I think I fixed this last week. |
I've gone ahead and made all the requested changes. @viglesiasce @prydonius anything else you need from me here? |
@k8s-bot ok to test |
Jenkins Charts e2e failed for commit 7194576. Full PR test history. The magic incantation to run this job again is |
@jackzampolin this no longer installs on the first pass. You need to leave (at least) the service as installing. Just leave off the deployment and daemonset. |
Still seeing the DS coming up with the pod IP name in Chronograf, it should be the node name. |
In chronograf im still not seeing anything in the Kubernetes dashboard. How does that get populated? |
Done! Should just deploy the service by default with nothing backing it unless the
🤦 sorry about that! That is also related to the kubernetes dashboard not showing up.
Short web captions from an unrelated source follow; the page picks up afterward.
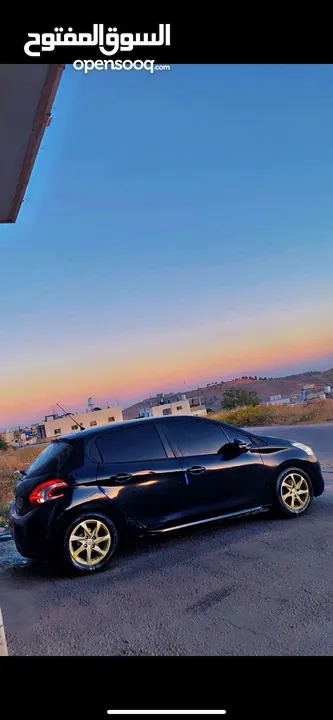 بيجو 208 من الاخر 3500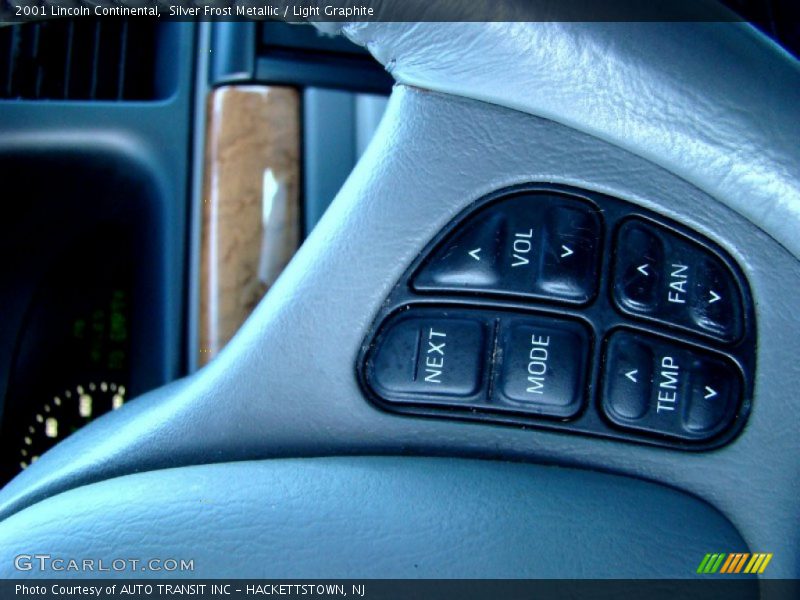 Silver Frost Metallic / Light Graphite 2001 Lincoln Continental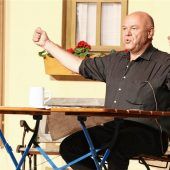 250 Besucher lachten mit Toni Lauerer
I've pushed the fix. |
Can you add a note to the NOTES.txt that indicates that Telegraf is not yet properly deployed and point them at how they can rectify it? Check out the Ghost chart for an example. |
This worked for me. In a follow up PR can you add the syntax for the upgrading the infludb values? Here is what worked for me (since the value is a list): helm upgrade romping-zebra stable/telegraf --set daemonset.config.outputs.influxdb.urls={http://quelling-quetzal-influxd:8086} |
Signed CLA and fulfilled all the requirements. Any feedback is more than welcome!